Wherever a picture appears in the data below, omit it, and restate everything else word for word.

RAW DATA
------------------------------------------------------------

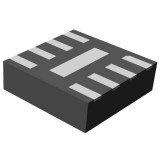 R3200K002B-TR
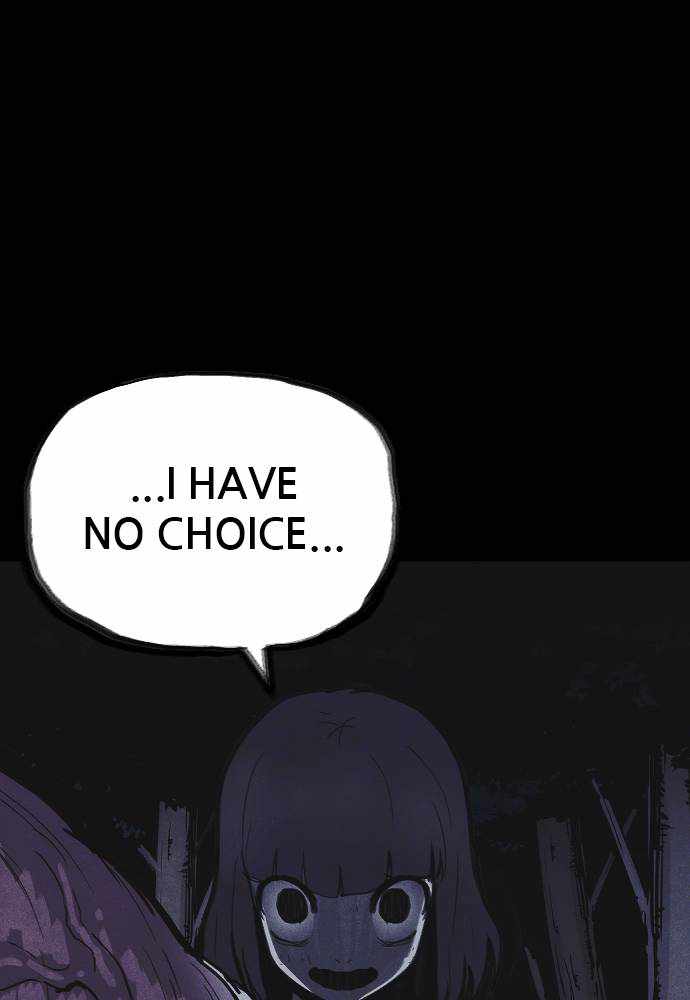 Shotgun Boy chapter 47 - page 79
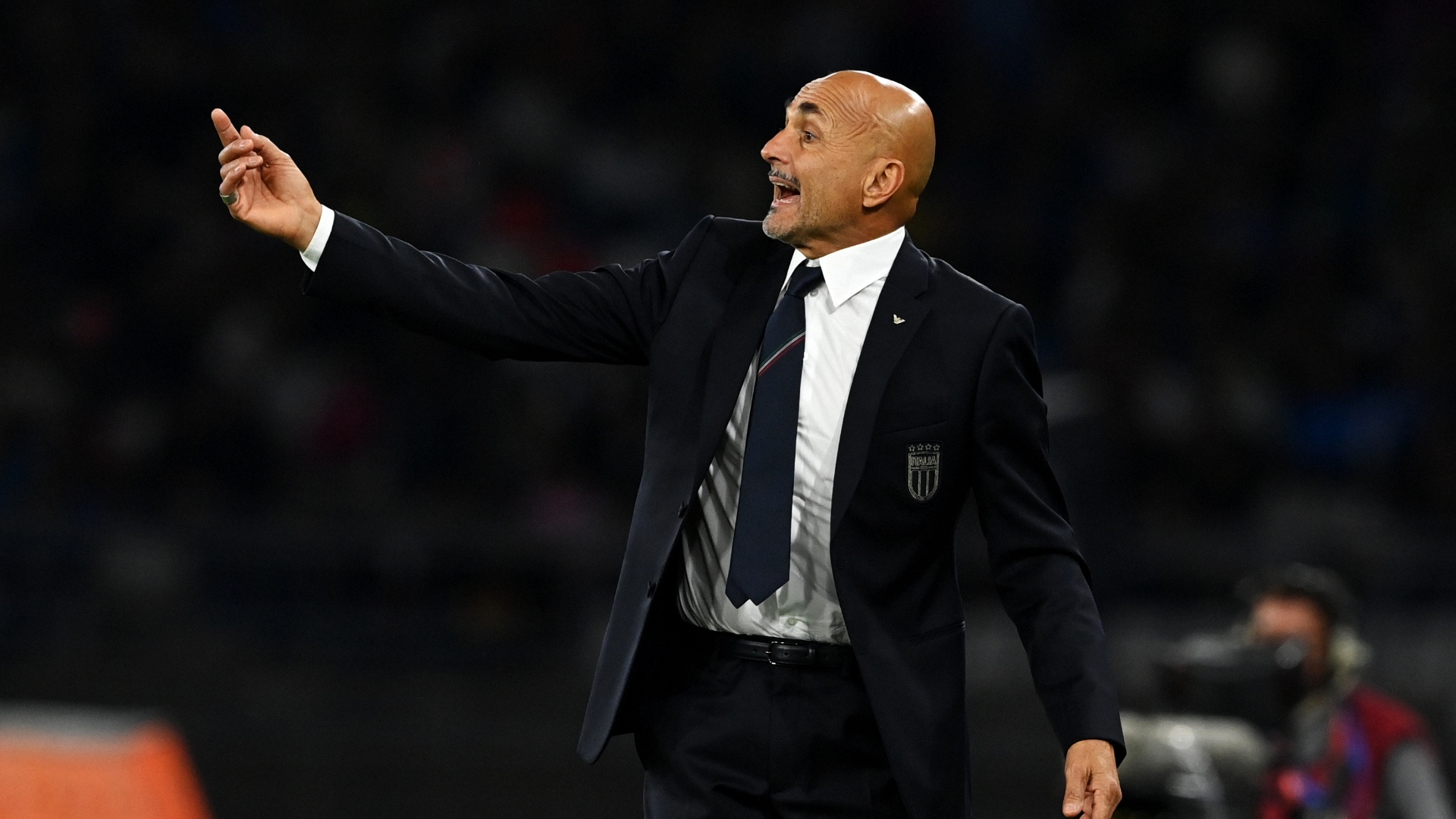 2023-10-15-spalletti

------------------------------------------------------------

ANSWER SPACE
 R3200K002B-TR
 Shotgun Boy chapter 47 - page 79
 2023-10-15-spalletti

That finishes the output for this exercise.